Live in di TPA Bantar Gebang, Bekasi |
Setelah berjalan empat setengah bulan akhirnya aku bisa menikmati juga. Tak terasa waktu terus bergulir. Setahun, dua tahun tiga tahun dst, kami dapat menikmati hasil dari jerih payah kami. Tak kusangka bahwa bekerja sebagai pemulung juga dapat menghasilkan uang banyak. Bahkan terkadang aku tak percaya dengan pendapatanku sebulan bisa mencapai satu sampai dengan tiga juta. Bukan sekedar untuk mencukupi hidup sehari-hari sebagai pemulung, tetapi kami bisa menyisihkan sebagian hasil dari pulungan untuk mencicil hutang kami.
Live in di TPA Bantar Gebang, Bekasi |
Kini hasil pulungan kami harus mulai kami canthel-kan sesuatu. Kami membelikannya emas dan juga kami tabungkan di bank. Situasi ini tampaknya absurd (red). Tapi ini sungguh aku alami.
Setahun kemudian aku memutuskan untuk pulang kampung dan mengadakan syukuran bersama dengan keluarga dan sanak saudara kami. Mereka seolah tidak percaya, ini tidak mungkin. Perayaan syukur berlangsung dengan sangat meriah. Ketika kuceritakan bagaimana perjalanan hidupku sampai dengan sekarang ini, semua orang yang hadir terdiam sesak disusul dengan rasa haru yang luar biasa. Situasi kekeluargaan yang pernah kualami sepuluh tahun yang lalu tampak mulai bersemi kembali. Aku, istriku dan anak-anakku merasa lega.

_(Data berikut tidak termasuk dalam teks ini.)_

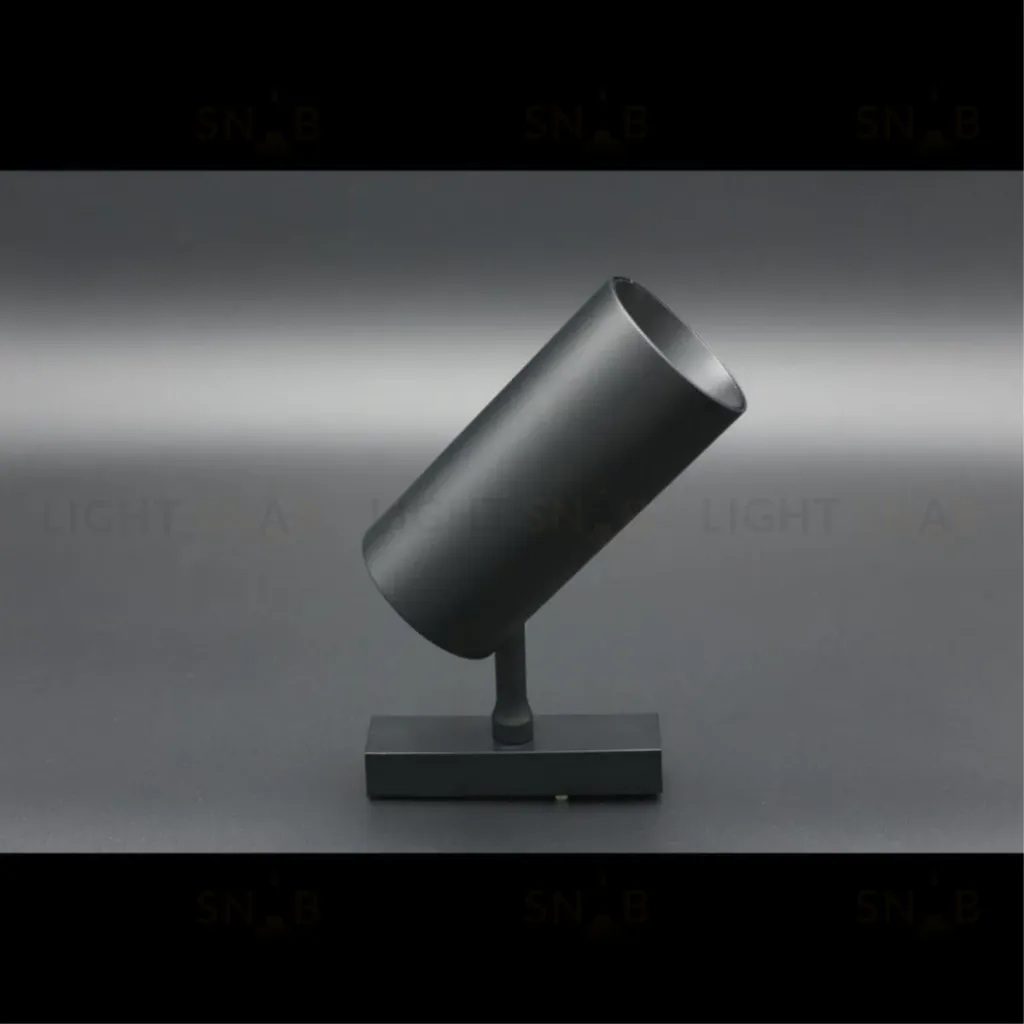 Трековый магнитный светильник Aployt Magnetic track 48 APL.0116.01.20 APL.0116.01.20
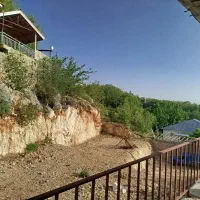 سوئیت اقامتگاه،خانه مسافر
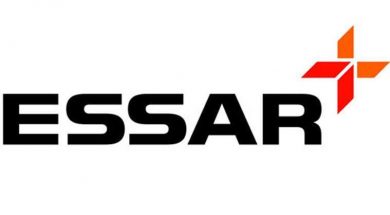 essar-759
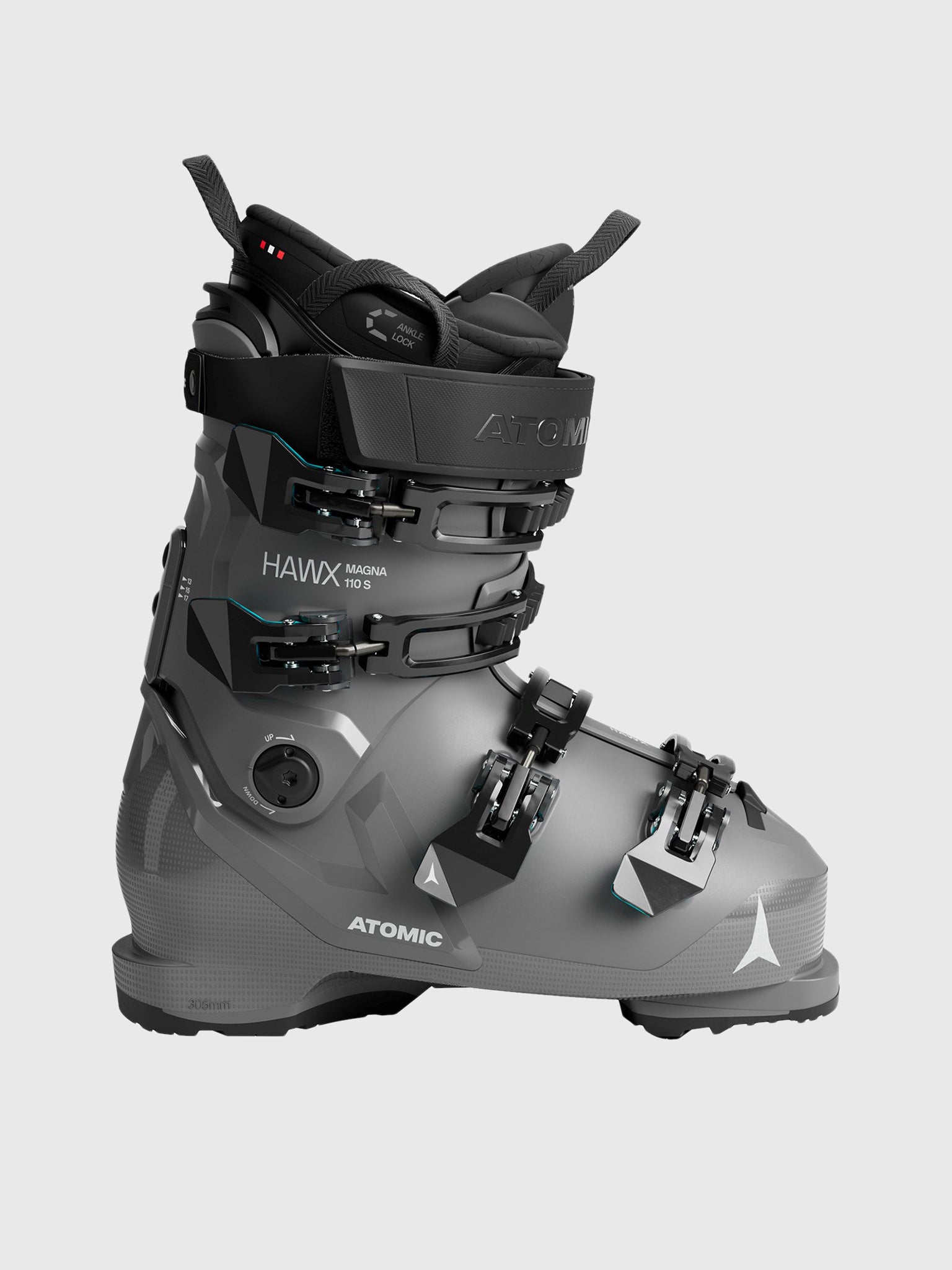 Atomic Hawx Magna 110 S GW Men's Ski Boots 2026 - Saint Bernard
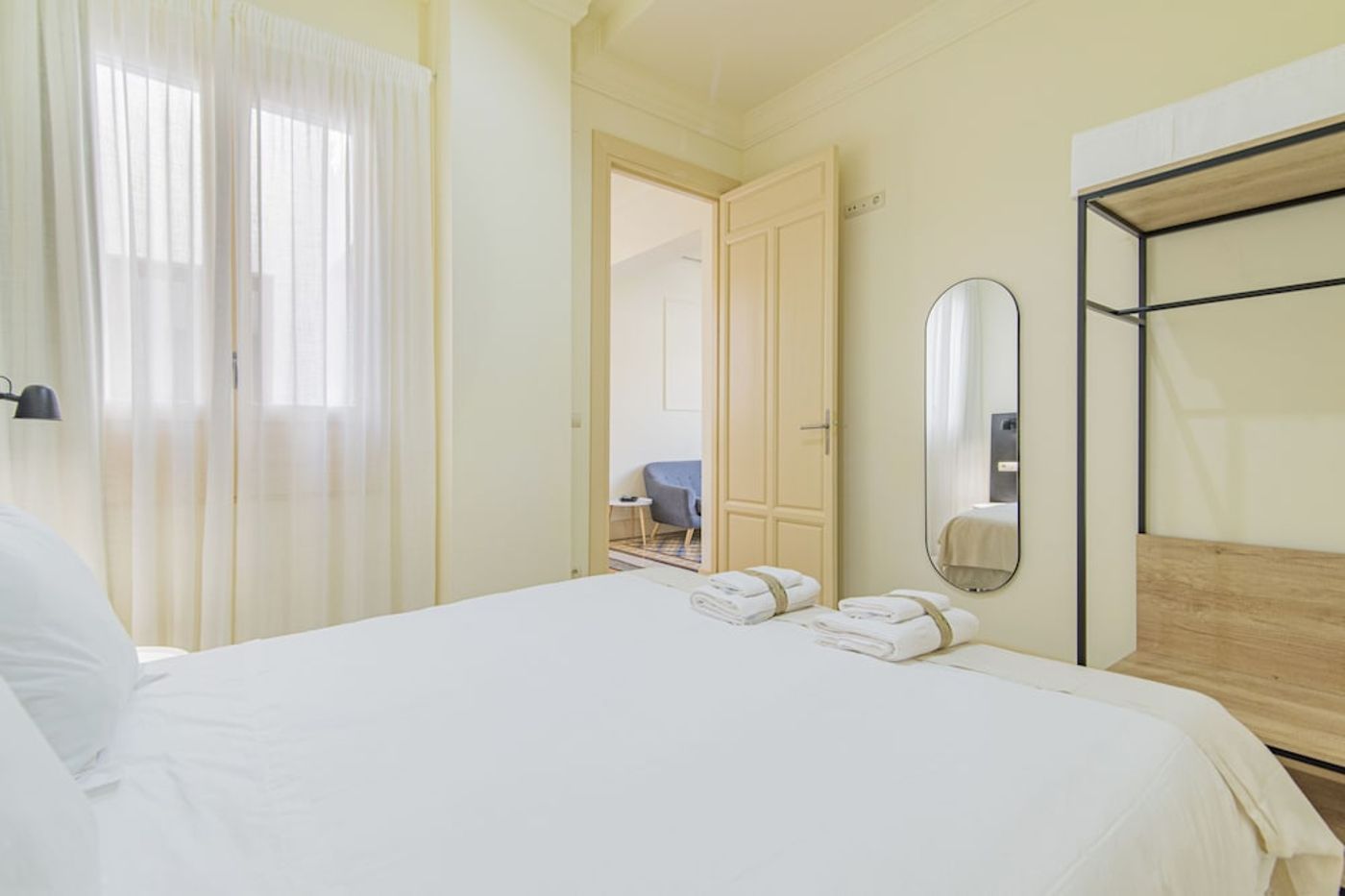 expedia-3165398-27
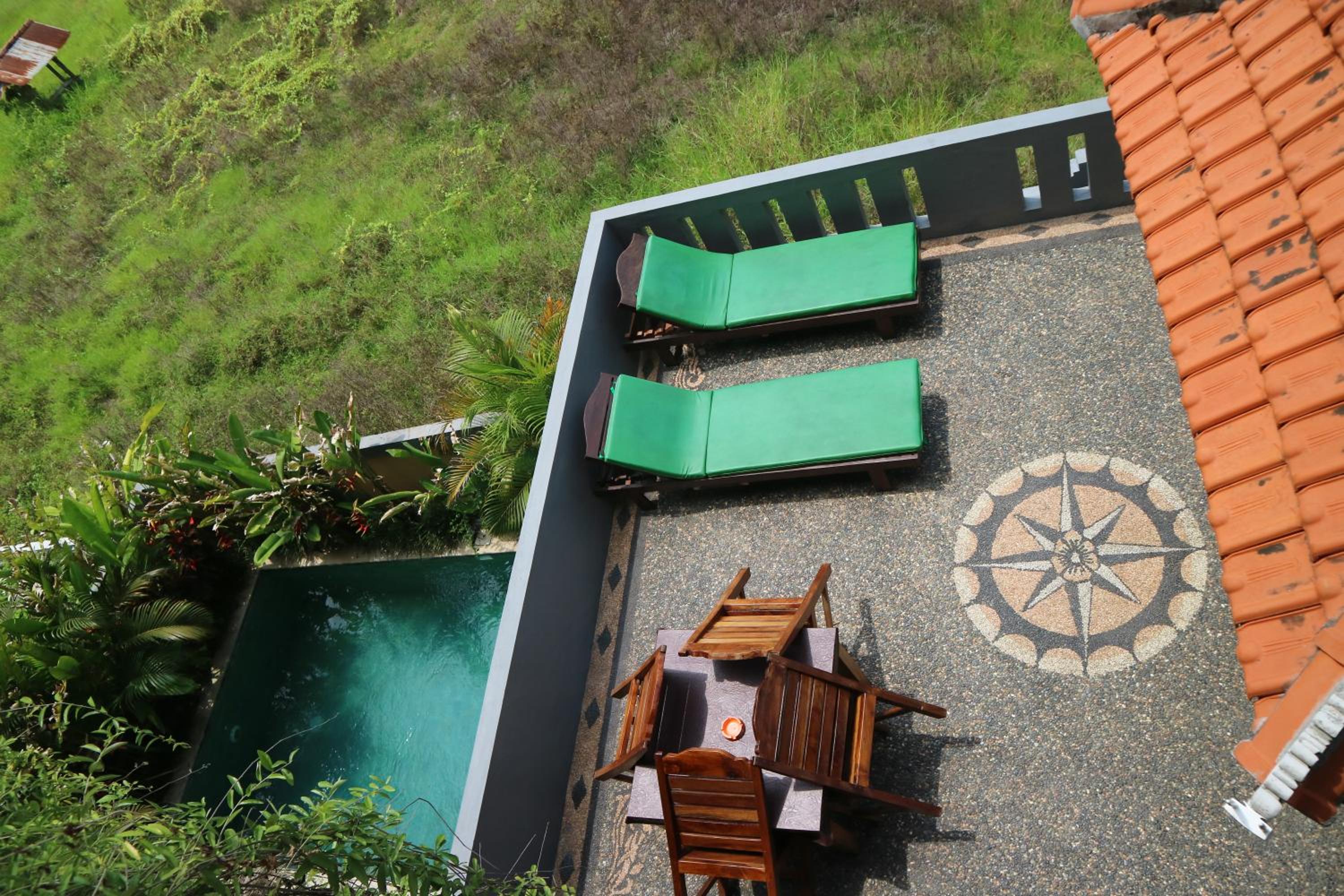 Bima Sakti House Canggu - Image 4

Seusainya syukuran bersama itu, kami pergi ke habitat-ku sebagai anggota masyarakat pemulung. Al’hamdulillah bahwa Aku dan istriku bisa bertahan dengan pelik-pelik hidup semacam ini. Awalnya adalah nggak ada pilihan lain, namun aku yakini karena kami juga ulet untuk menekuninya. Aku yakin ini bukan sebuah impian".
Demikianlah pengalaman hidup saudaraku di tengah hamparan sampah 108 hektar.